About this task |
For this exercise, write out each entry below exactly, omitting the images.

Data extracts |
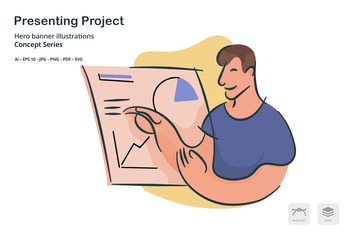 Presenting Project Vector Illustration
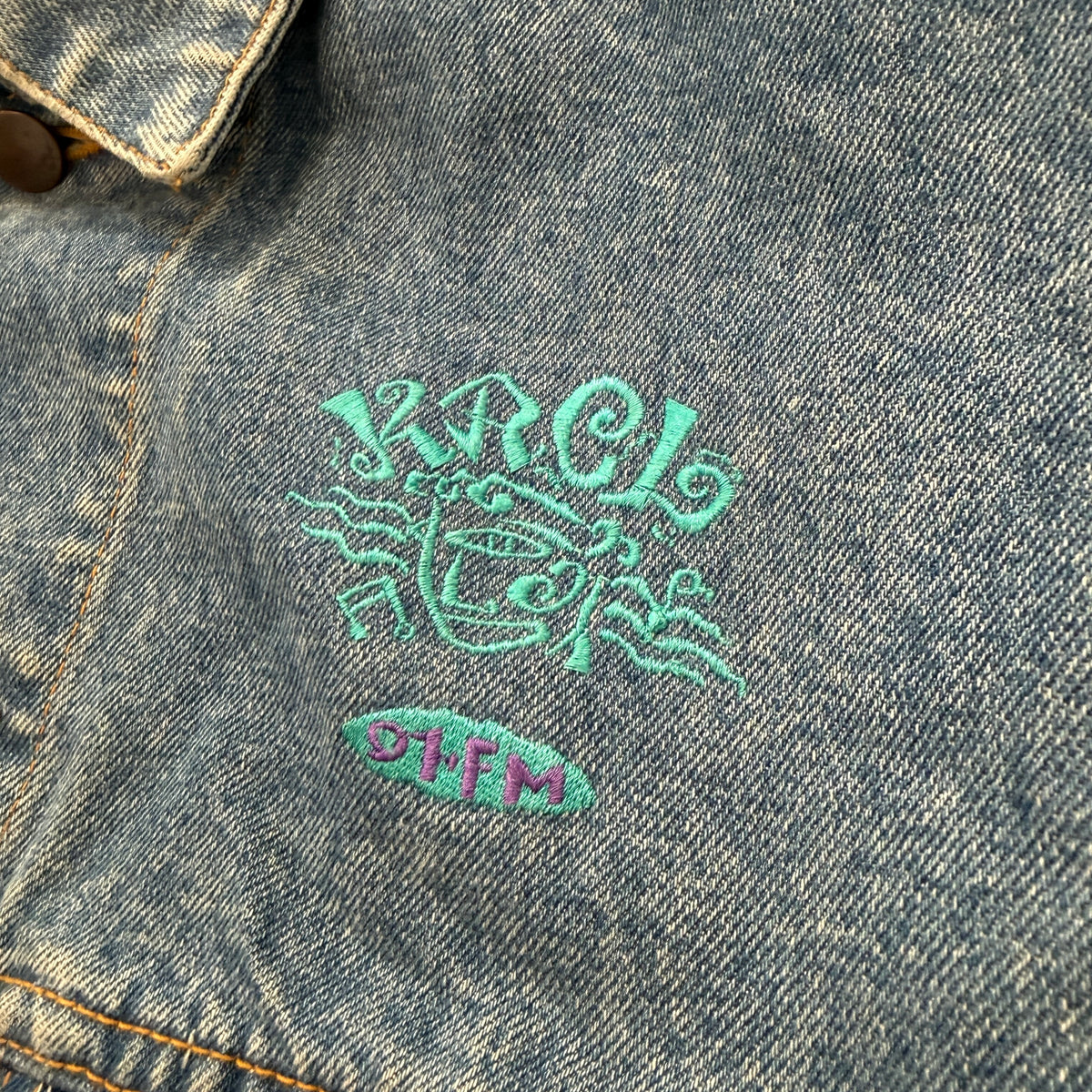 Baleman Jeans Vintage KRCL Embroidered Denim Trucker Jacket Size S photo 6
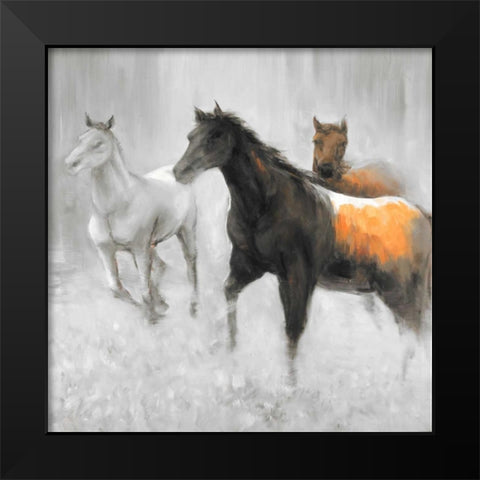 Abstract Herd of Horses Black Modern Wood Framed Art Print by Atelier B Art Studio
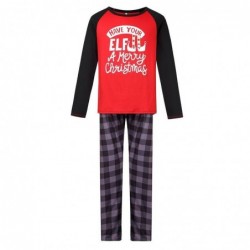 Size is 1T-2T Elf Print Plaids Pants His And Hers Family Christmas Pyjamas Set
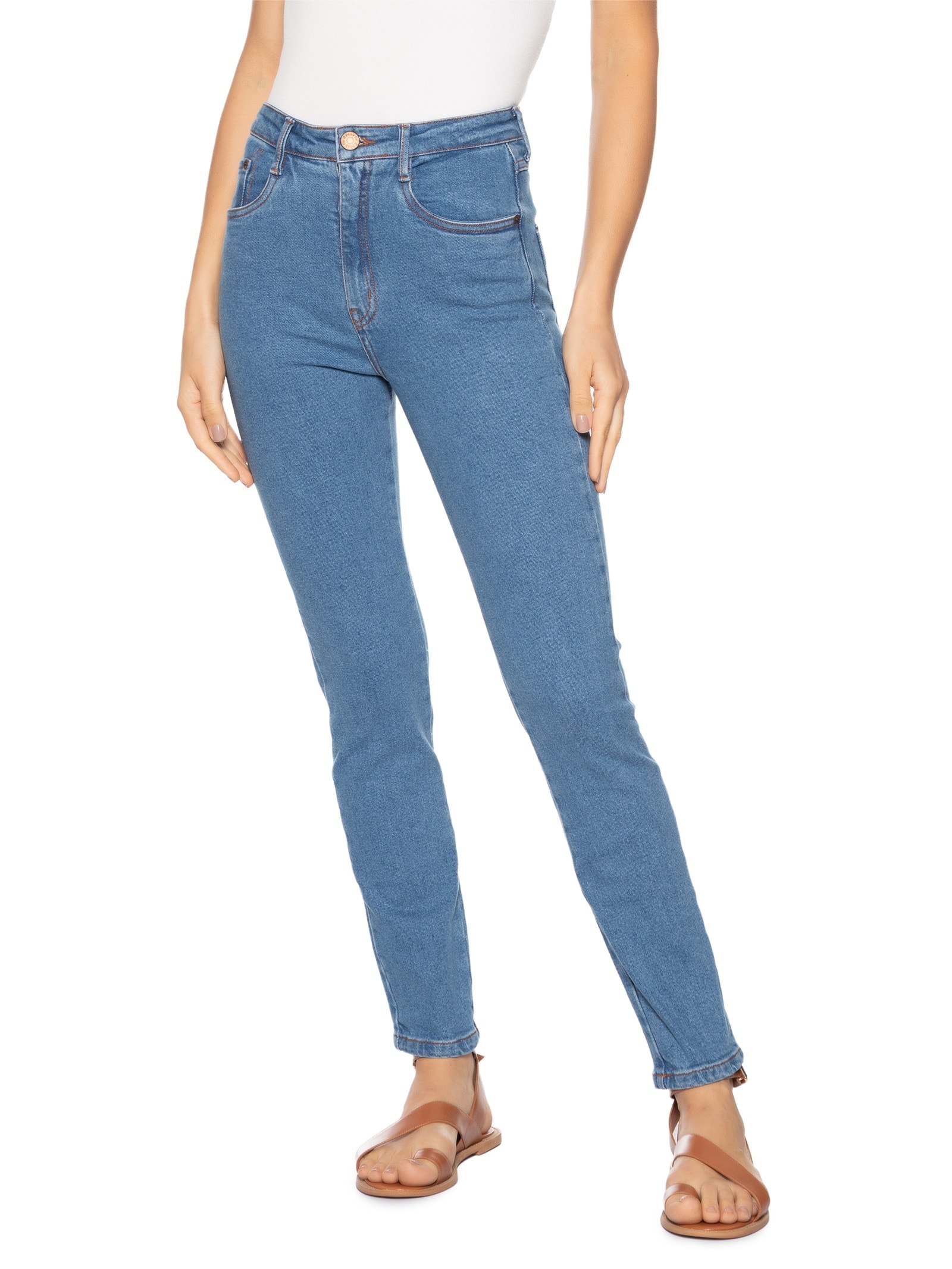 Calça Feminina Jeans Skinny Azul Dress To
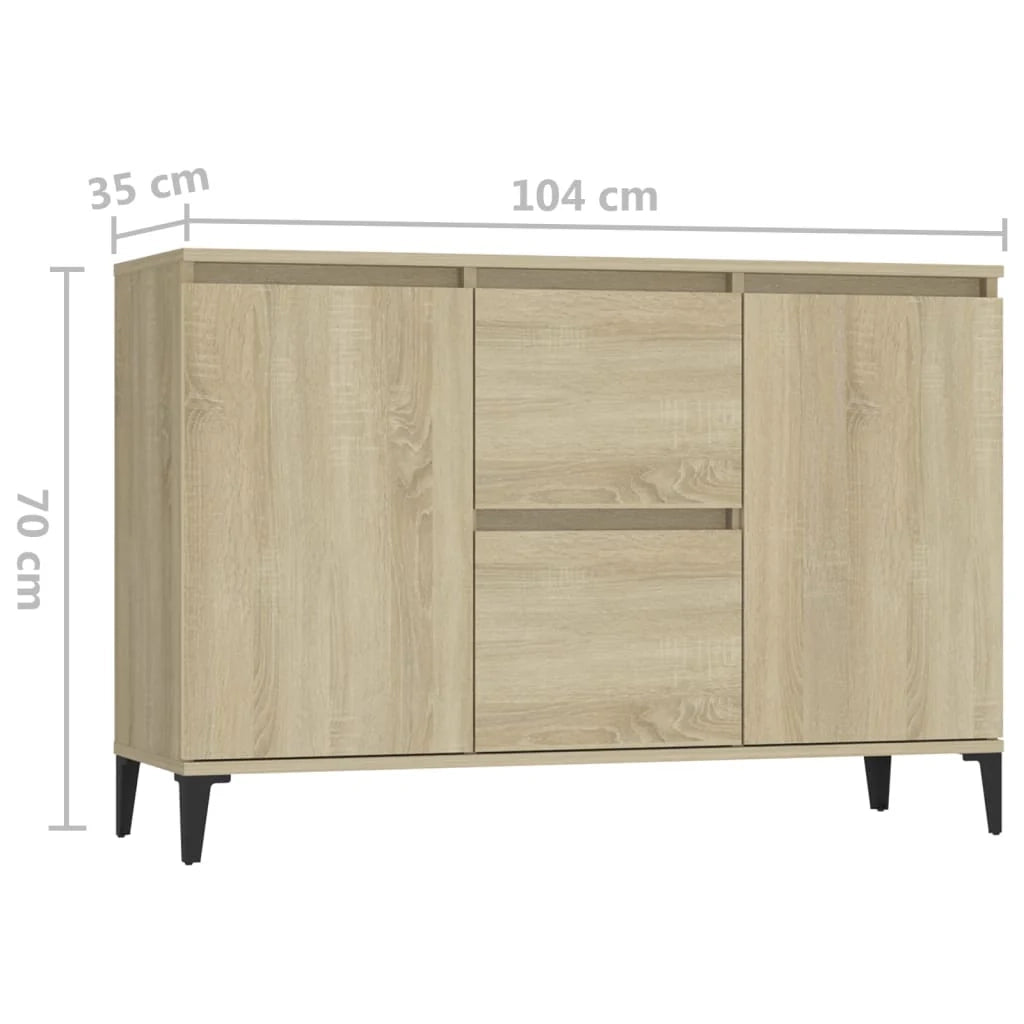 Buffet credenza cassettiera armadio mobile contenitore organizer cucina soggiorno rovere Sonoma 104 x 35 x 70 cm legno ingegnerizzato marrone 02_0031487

Finished task |
 Presenting Project Vector Illustration
 Baleman Jeans Vintage KRCL Embroidered Denim Trucker Jacket Size S photo 6
 Abstract Herd of Horses Black Modern Wood Framed Art Print by Atelier B Art Studio
 Size is 1T-2T Elf Print Plaids Pants His And Hers Family Christmas Pyjamas Set
 Calça Feminina Jeans Skinny Azul Dress To
 Buffet credenza cassettiera armadio mobile contenitore organizer cucina soggiorno rovere Sonoma 104 x 35 x 70 cm legno ingegnerizzato marrone 02_0031487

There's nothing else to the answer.